2019~2021年度改訂見通し― 消費増税を乗り越え、緩やかな回復が持続 ―

2019年12月09日 村瀬拓人


2019年7~9月期の2次QEは、実質GDP成長率が前期比年率+1.8%と、設備投資の上方修正を主因に1次QE(同+0.2%)から上振れ。今回のGDPの改定では、2019年入り後の成長率が全般的に上方修正。わが国景気が、2018年の減速から着実に持ち直していたことを示唆。

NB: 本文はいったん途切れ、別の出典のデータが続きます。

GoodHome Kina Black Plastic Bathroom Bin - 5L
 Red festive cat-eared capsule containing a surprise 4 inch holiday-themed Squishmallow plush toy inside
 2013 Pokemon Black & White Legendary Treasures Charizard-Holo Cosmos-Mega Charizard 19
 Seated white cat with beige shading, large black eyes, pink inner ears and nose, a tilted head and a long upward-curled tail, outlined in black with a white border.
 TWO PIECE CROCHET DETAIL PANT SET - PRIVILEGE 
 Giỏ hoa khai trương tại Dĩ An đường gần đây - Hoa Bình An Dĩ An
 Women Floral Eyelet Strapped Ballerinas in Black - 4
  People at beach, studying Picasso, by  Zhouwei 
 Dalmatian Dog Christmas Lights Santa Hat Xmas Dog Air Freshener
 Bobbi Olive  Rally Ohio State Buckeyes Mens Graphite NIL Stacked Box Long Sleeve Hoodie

先行きを展望すると、10~12月期は消費増税などの影響で、5四半期ぶりのマイナス成長となる見通し。個人消費は、駆け込み需要の反動や台風など自然災害の影響で大幅に減少。GDP統計では、幼児教育・保育の無償化に伴い利用料の負担者が家計から政府にかわることも、個人消費の下押し要因(※)。もっとも、今回の増税では、①駆け込み需要の規模が前回2014年の増税時と比べ小さかったこと、②増税後の物価上昇が限定的であり、実質所得がプラスを維持していること、などを踏まえると、消費低迷の長期化は避けられる見通し。駆け込み需要の反動減や自然災害の影響が一巡するにつれて、個人消費は再び緩やかな増加基調に復帰へ。
(※)個人消費が減少する一方、政府消費が増加するため、GDPへの影響は中立。

一方、設備投資も、高めの伸びの反動などで一時的に減速感が強まる可能性。もっとも、人手不足や働き方改革への対応、新たなIT技術の活用などを背景に、情報化投資や研究開発が堅調に推移することで、増加基調が続く見通し。世界の半導体市場の持ち直しなどを背景に、輸出の減少に歯止めがかかることも、製造業の投資マインドにプラスに作用。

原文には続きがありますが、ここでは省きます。